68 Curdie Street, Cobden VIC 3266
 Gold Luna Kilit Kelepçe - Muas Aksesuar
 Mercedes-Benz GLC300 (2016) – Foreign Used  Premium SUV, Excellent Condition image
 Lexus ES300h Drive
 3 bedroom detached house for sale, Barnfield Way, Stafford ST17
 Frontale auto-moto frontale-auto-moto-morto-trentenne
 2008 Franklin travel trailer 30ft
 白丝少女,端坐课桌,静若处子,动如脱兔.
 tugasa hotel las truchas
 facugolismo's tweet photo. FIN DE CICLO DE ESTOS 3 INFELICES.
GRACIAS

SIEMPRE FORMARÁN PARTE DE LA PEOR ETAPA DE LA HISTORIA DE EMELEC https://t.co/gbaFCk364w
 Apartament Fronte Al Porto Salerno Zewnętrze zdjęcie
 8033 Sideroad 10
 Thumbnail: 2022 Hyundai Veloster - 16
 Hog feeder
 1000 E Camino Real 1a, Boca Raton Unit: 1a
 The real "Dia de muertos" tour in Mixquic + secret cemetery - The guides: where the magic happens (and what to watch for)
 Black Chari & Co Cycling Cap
· · · · · · ·
Exercise details: Begin with the line that contains "Frontale auto-moto frontale-auto-moto-morto-trentenne" and end with the last line of the data. Repeat those two lines and all between them exactly.

Answer to this problem:
 Frontale auto-moto frontale-auto-moto-morto-trentenne
 2008 Franklin travel trailer 30ft
 白丝少女,端坐课桌,静若处子,动如脱兔.
 tugasa hotel las truchas
 facugolismo's tweet photo. FIN DE CICLO DE ESTOS 3 INFELICES.
GRACIAS

SIEMPRE FORMARÁN PARTE DE LA PEOR ETAPA DE LA HISTORIA DE EMELEC https://t.co/gbaFCk364w
 Apartament Fronte Al Porto Salerno Zewnętrze zdjęcie
 8033 Sideroad 10
 Thumbnail: 2022 Hyundai Veloster - 16
 Hog feeder
 1000 E Camino Real 1a, Boca Raton Unit: 1a
 The real "Dia de muertos" tour in Mixquic + secret cemetery - The guides: where the magic happens (and what to watch for)
 Black Chari & Co Cycling Cap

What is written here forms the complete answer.